My basic philosophy in Fertility SA, as in the previous organisations that I have served, is that we are here to help people have a baby the most natural and inexpensive way that can be found, and this is best done by appropriate diagnosis, investigations and seeking simple, non-invasive management above that of high technology.  However when technology has to be used, it has to be of the very highest quality, informed by the best evidence that we have available, and highly trained staff.

During the course of my media interview I was asked to produce five questions that you should ask your IVF specialist, and these are as follows:

1. Are you a recognised specialist spending the majority of your time in the fertility area, and what is your experience and reputation?
Some doctors claim to be fertility specialists but are not qualified gynaecologists or physicians. Some do fertility work as a very minor part of their interest, some doctors are gynaecologists with a strong expertise in fertility and some doctors are subspecialists, with reproductive endocrinology and infertility (CREI) training in addition to being gynaecologists.

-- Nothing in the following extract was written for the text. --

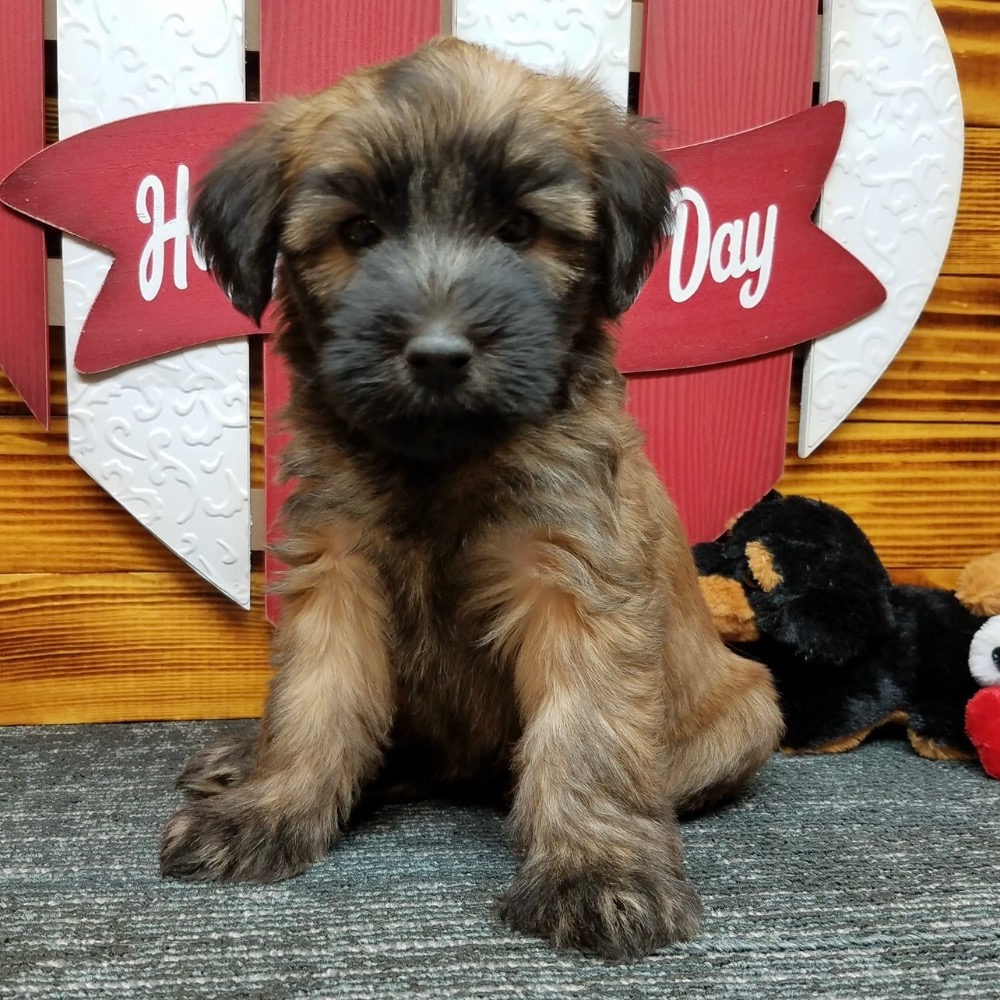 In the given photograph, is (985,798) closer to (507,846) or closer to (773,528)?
(773,528)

2. Will you fully investigate us to see if a cause can be found for our infertility that might avoid complicated treatment and advise us on whether waiting longer has a good chance of working?
Some doctors move straight to treatment without adequate investigations, including ultrasound, radiology, surgery or blood testing. Many couples will become pregnant naturally by waiting if no infertility cause is found.

3. What options are open to us other than IVF, and what can we do to avoid treatment or maximise our chances of success?
These sometimes include waiting longer, changing diet, optimising weight, stopping smoking or drugs, timing intercourse, and offering other treatments, including ovulation induction and intrauterine insemination.

4. If we undergo IVF, what are our chances of having a single healthy baby from one started treatment cycle?
Ask for results based on your age, your diagnosis, and that clinic’s actual results declared to a central reporting body rather than a generic figure for all their clinics and all ages. Make sure you understand you are not quoted a “cumulative” figure, which includes all frozen embryos over several additional cycles. Ask what your chance is of getting an embryo transferred, because many couples may not get to have an embryo that is normal.

5. What will the real financial and emotional costs be if I undergo treatment?
There may be undeclared add-ons, such as additional costs for intracytoplasmic sperm injection (ICSI), pre-implantation diagnosis, freezing of embryos, certain laboratory procedures, or anaesthetic charges. A few people find the treatment very difficult for their emotional wellbeing and ability to work well.

I have been used to being exposed in the media a lot for nearly 25 years and I guess one never knows what to expect after being interviewed.  Local media are usually very positive and want to promote South Australian achievements, but national and international media are more critical of your contributions and often come in with a preset agenda.  Fertility units either use the media to promote their facilities or have to respond to the media seeking to score points off them.

I have enjoyed being in the media in the areas of my knowledge, but I am very grateful that I don’t work professionally full time as a media commentator or star!